The future of environmental and civil engineering could well be shaped by two young engineers who grew up in the same household.
The Gibson sisters – Peyton and Devon – will celebrate National Siblings Day this year on opposite sides of the country from each other but maintaining a shared love of family and engineering.
“We have pretty differing personalities, but we share very similar worldviews just because we saw the world the same way growing up,” said Peyton, the older Gibson sibling by two-and-a-half years.
That worldview has led them both to pursue civil engineering careers. Peyton works as an associate program officer for the Board on Infrastructure and the Constructed Environment at the National Academies of Science, Engineering and Medicine in Washington, D.C. Devon, meanwhile, is a month away from completing her bachelor’s degree in environmental engineering at the Colorado School of Mines.

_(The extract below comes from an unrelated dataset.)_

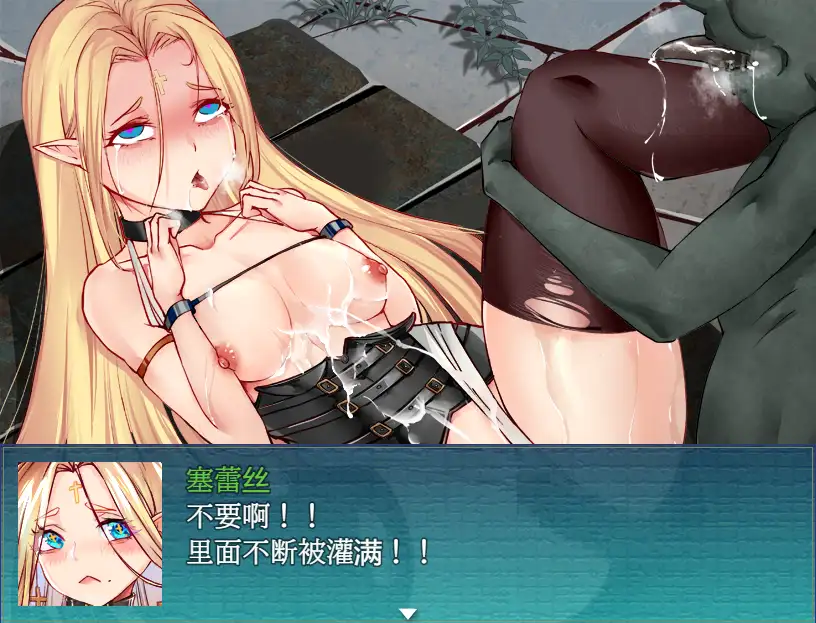 e9bb99cb-629e-4c4d-b236-b03c2c458aab.png e9bb99cb-629e-4c4d-b236-b03c2c458aab.png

“We grew up Army brats together, so we never felt like we had a home state or a home in general,” Peyton said. “We lived everywhere. We moved usually every two years. So, I mean, me and my sister were kind of our only constants growing up.”
The daughters of Jim and Toni Gibson, Peyton and Devon had the opportunity to live in many different parts of the country thanks to their father’s career as an Army attorney – South Carolina, Oklahoma, Virginia (twice), suburban Chicago, Georgia, Arizona, North Carolina, even a three-year stay in Rome, where Devon graduated from high school.
“Growing up together, we were like the only two people we had,” Peyton said. “It’s so weird for me because people always talk about their childhood friends or they have pictures of this neighbor or this friend since they were in diapers together. And we just don’t have that. You were moving so much that you lose touch with people, and you don’t have those rocks from your childhood or people that you can go back to in your hometown. So, it really has made us a lot closer as sisters and as a family.”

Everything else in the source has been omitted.